The gathered rehabbers were all howling with laughter, wiping tears from their eyes and elbowing each other in the ribs; Jean, laughing herself, tried her best to continue.

“John and Kevin open the door a crack to look inside, and evidently the bear was feeling better, because she comes barreling out and starts trying to dig a hole through the office wall. So they throw on their big gloves and wrestle her down and give her a shot of tranquilizer, then as soon as she conks out again they drag her over to the X-ray machine and find out she has no fractures, just a concussion and probably a whopper of a headache. They put her in the crate and wire it shut, and put the whole thing back in my car, and when I finally drove away I could tell they were really, really happy to see me go. The bear spent three weeks with me and then I released her way up north.”

We all clapped, drank more wine, and swapped more stories, and later gave Wendy a standing ovation when she received her award. I returned home two days later bursting with inspiration, my wallet crammed with phone numbers and my notebooks heavy with information. John and the kids detailed their lives since I had been away, including sporadic sightings of our released birds, appearing occasionally for food but all of whom were spending more and more time away from the yard.

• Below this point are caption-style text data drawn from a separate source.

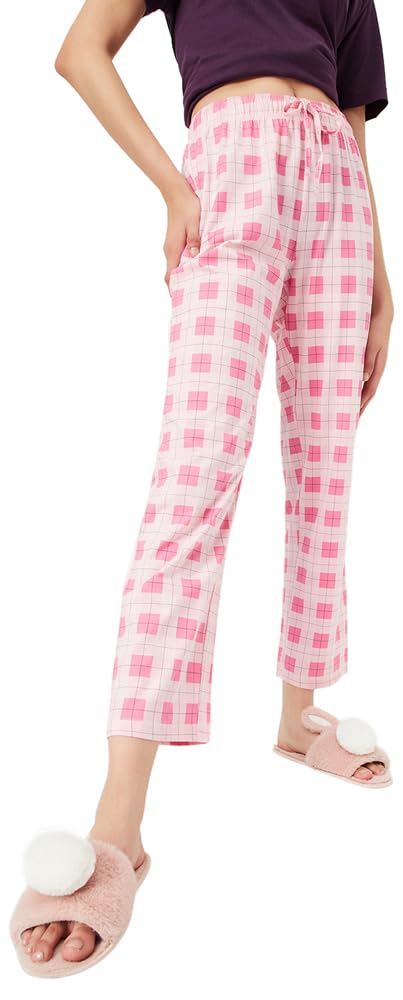 max Women's High Rise Cotton Pajama Bottom Regular Fit Casual Style Pant-picture-50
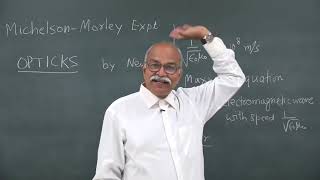 Ep2 Michelson Morley Experiment by HC Verma Advance course special theory of relativity [upl. by Vivienne344]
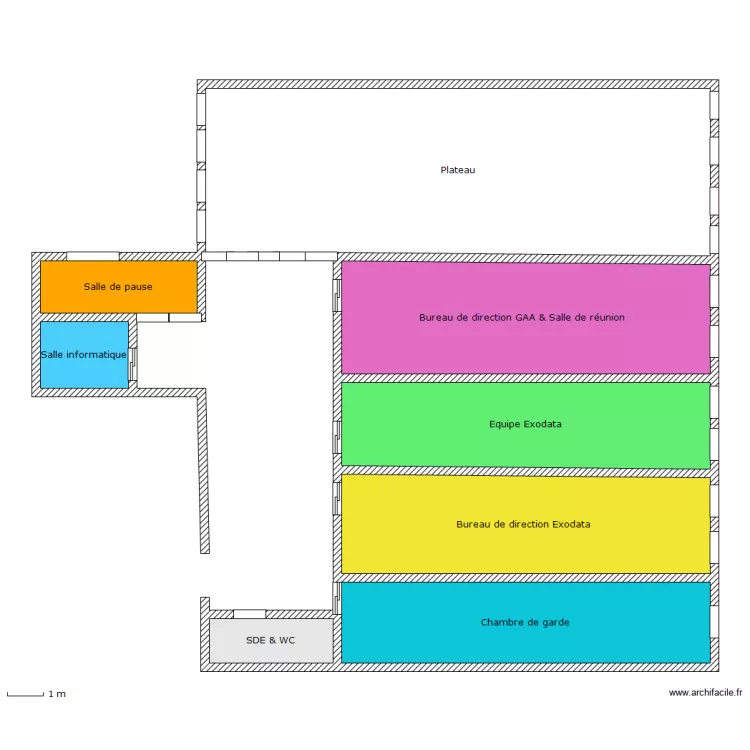 Plan des locaux an. Plan de Plan des locaux an. Plan de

We saw Null and Void more than the others, although they, too, would disappear for days at a time. Then one Sunday afternoon Mac and I were clearing barberry bushes from an area halfway down the driveway when we heard a strange sound. It was loud and grating, as if a heavy metal object was being dragged down a concrete road. Mac and I glanced around, then at each other. “Grackle migration!” he said.

As we hurried up the driveway the huge flock of grackles flew over our heads and blanketed the woods around the house, perching on tree limbs, poking through the fallen leaves, and emptying the bird feeders, all chattering noisily and turning the land dark with their sheer numbers. Skye hurried out of the house and John out of his office, and we all sat on the deck to watch the spectacle. A half hour later they began to disperse. For the next two days the huge group would come through once or twice a day, eat the seed we’d thrown on the ground, and take off again. One day they failed to appear, signaling that they had moved on and that we wouldn’t see them again until the following fall.

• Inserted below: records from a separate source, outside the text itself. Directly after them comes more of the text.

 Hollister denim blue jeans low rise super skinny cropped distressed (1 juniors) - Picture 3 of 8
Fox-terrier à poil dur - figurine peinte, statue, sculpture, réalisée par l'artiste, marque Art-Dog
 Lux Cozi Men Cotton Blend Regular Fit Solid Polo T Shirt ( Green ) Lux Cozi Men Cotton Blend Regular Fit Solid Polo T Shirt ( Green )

For a month I continued to put out the usual plate of grackle food. It would be eaten by an assortment of passing birds or, if it wasn’t gone by nightfall, finished off by an opossum or coyote. But our swaggering yellow-eyed bandits were gone.

“They joined the other grackles,” said Skye firmly. “They have a family now.”

“A really huge family,” said Mac. “Think about it—it would be like having a thousand Skyes around you all the time.”

“Shut up, Mac!” said Skye.

Putting on my sweats I ran to where the woods were thick with sugar maples. The late October sun poured through their brilliant yellow leaves, turning the forest into a glorious, glowing cathedral. I sat on a fallen tree deep in the radiant woods, as I did every year, listening to the birdcalls and running my hands through the crisp autumn air. Believing, just for a moment, that the world was a perfect place.